El Gobierno ha encontrado una justificación para el uso del Falcon, el avión oficial, más allá de las reuniones urgentes de Estado: el festival Primavera Sound. Sí, señores, mientras la cesta de la compra se encarece y las hipotecas ahogan, Pedro Sánchez y Begoña Gómez, escoltados por una comitiva digna de un rey (7 coches, 2 furgonetas, un helicóptero y la policía catalana, por si acaso), se dirigieron a Barcelona para disfrutar de los conciertos. La coartada, cortesía de Salvador Illa, fue un encuentro “privado” para hablar de… no se sabe bien de qué. Quizás de la última canción de Gorillaz, grupo favorito del presidente, mientras el Papa recibía honores en Madrid.
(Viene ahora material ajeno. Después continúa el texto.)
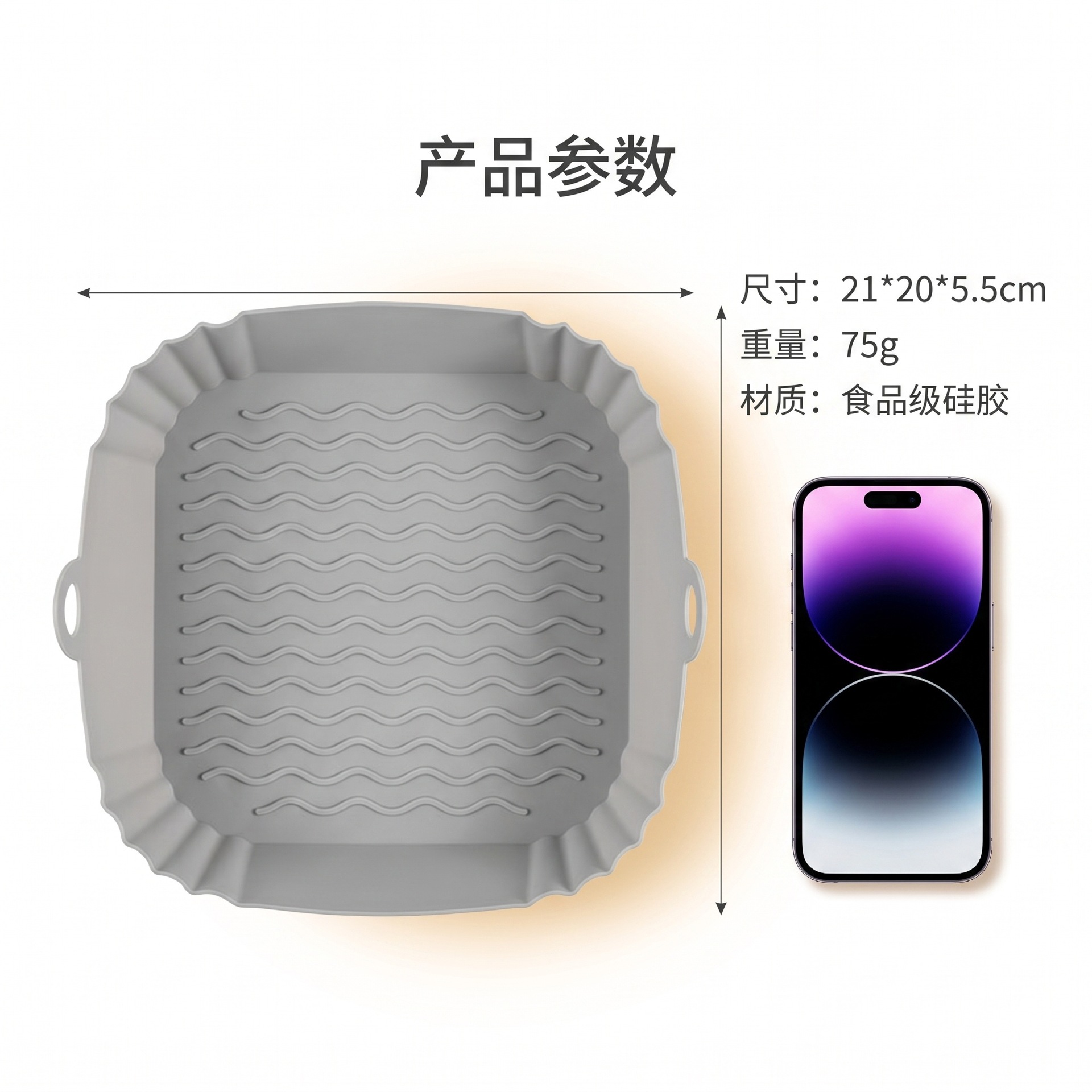 其他分类实物图
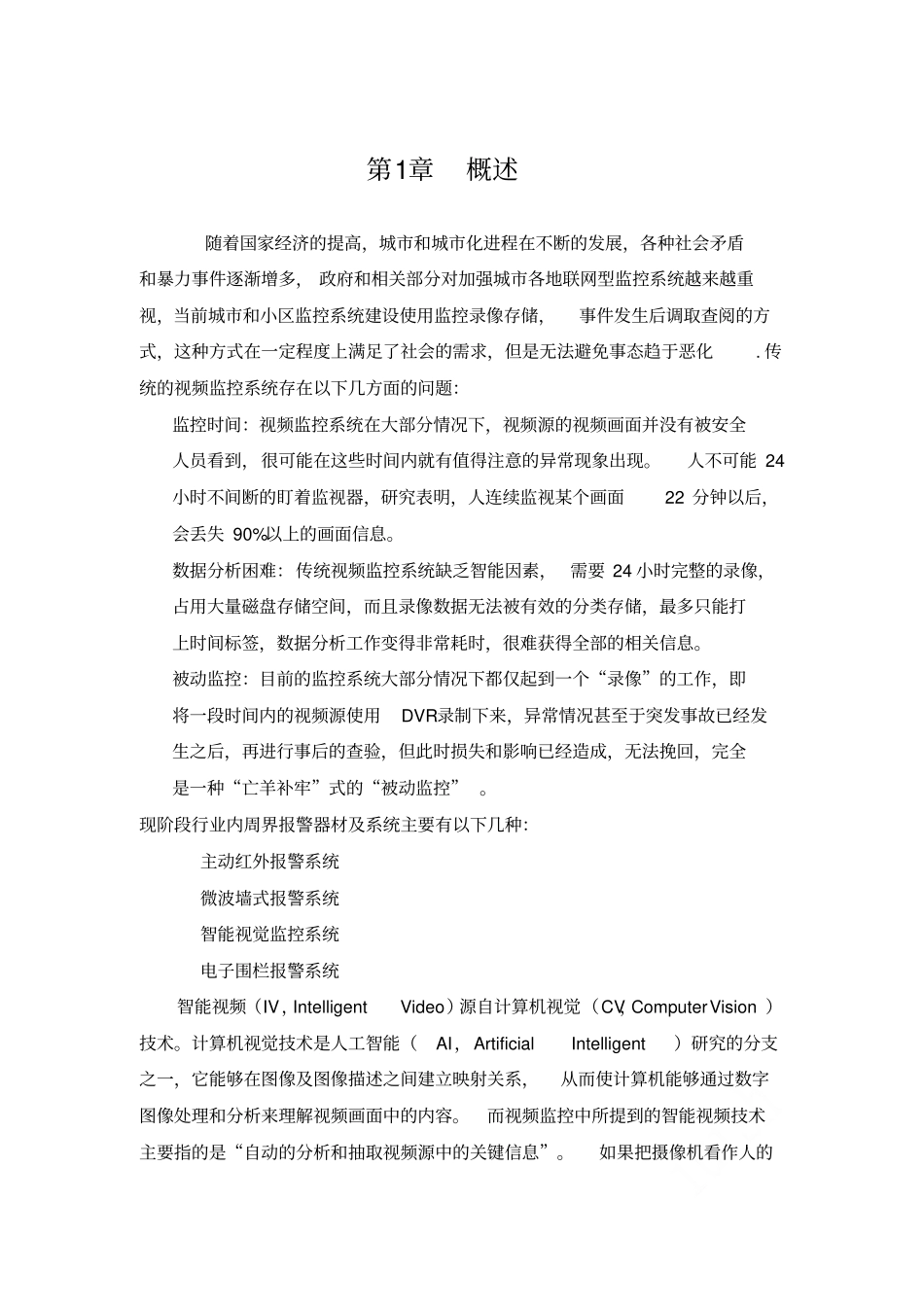 海康威视周界防范系统引导方案_第3页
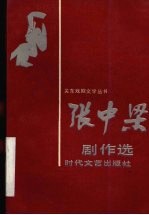 张中梁剧作选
La agenda oficial se actualizó después del vuelo, como quien pone la excusa después de llegar tarde. El despliegue, que recuerda a una película de espías, costó, obviamente, lo que cuesta cualquier despliegue presidencial: una cantidad que se sumará a la lista de gastos que a menudo generan más preguntas que respuestas. La foto de Sánchez, Illa y la consejera de Cultura con un cartel que dice 'No War' es la guinda irónica de un pastel de hipocresía. Todo esto, claro, mientras la ciudadanía se pregunta si la cultura también se puede disfrutar desde casa, ahorrando unos cuantos miles de euros. Y, como buen precedente, recordemos el FIB de 2018, otro festival, otra excusa, misma película. ¿Será que la solución a los problemas del país está en la música indie?